= Paul Bronfman =

Canadian entertainment industry executive

Paul Bronfman (May 28, 1957 – February 26, 2025) was a Canadian film and television industry executive and producer.

==Early life and education==
Born in Montreal, Quebec, Bronfman was the son of Edward Bronfman, co-founder of Edper (later Brookfield Asset Management), and the nephew of Peter Bronfman. His grandfather, Allan Bronfman, was the brother of Seagram founder Samuel Bronfman. At age 20, Bronfman relocated to Toronto, aiming to develop a career distinct from his family's established reputation.

==Career==
Bronfman began his career in the entertainment industry as a roadie for the band April Wine and later worked in post-production at Pathé Sound. In 1988, he established Comweb Corporation, a holding company for his media ventures.
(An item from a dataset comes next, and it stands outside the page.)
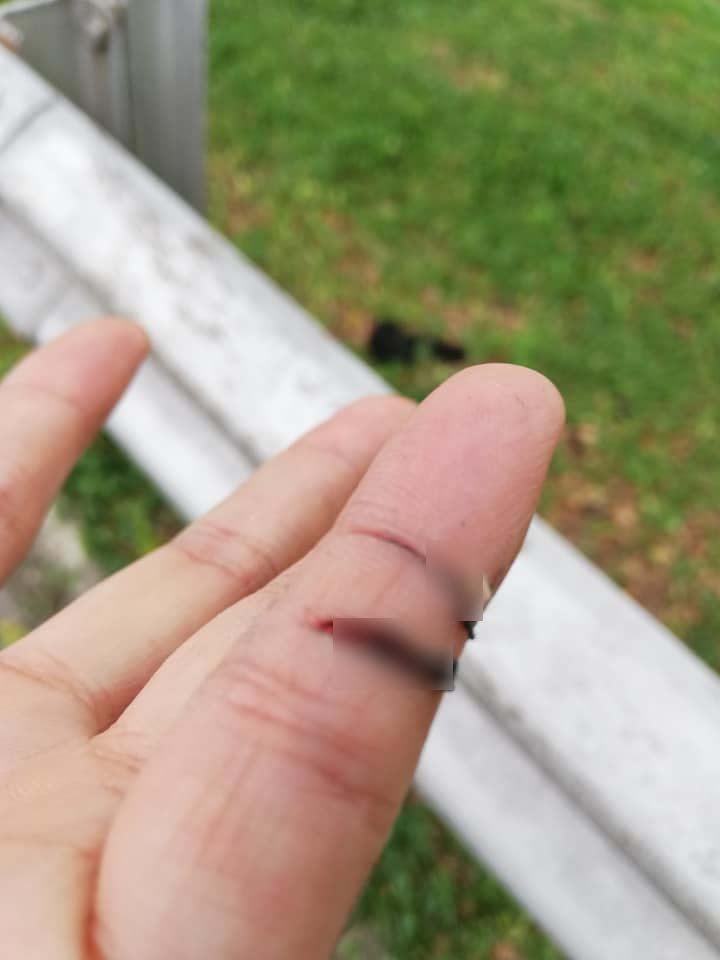 Malaysian Biker Warns Others After His Fingers Got Sliced By String Tied Around Flyover at DUKE Highway - WORLD OF BUZZ 1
His first major project was the creation of North Shore Studios in Vancouver in collaboration with producer Stephen Cannell. The facility later served as a production site for television series including The X-Files.

Bronfman later acquired William F. White International, a film and television equipment rental company, financing the purchase by mortgaging his home. Under his management, the company grew to become a prominent provider of production equipment in Canada. In 2008, he founded Pinewood Toronto Studios, which includes one of the largest purpose-built sound stages in North America. He sold William F. White in 2019.

In 1995, Bronfman was diagnosed with multiple sclerosis. He initially kept the diagnosis private but eventually disclosed it and continued working in the industry. He made adaptations to accommodate his condition, including the use of a customized elevating wheelchair for professional events.

Bronfman served in various industry organizations, including the Academy of Canadian Cinema & Television and Film Ontario, and was a member of the Academy of Motion Picture Arts and Sciences.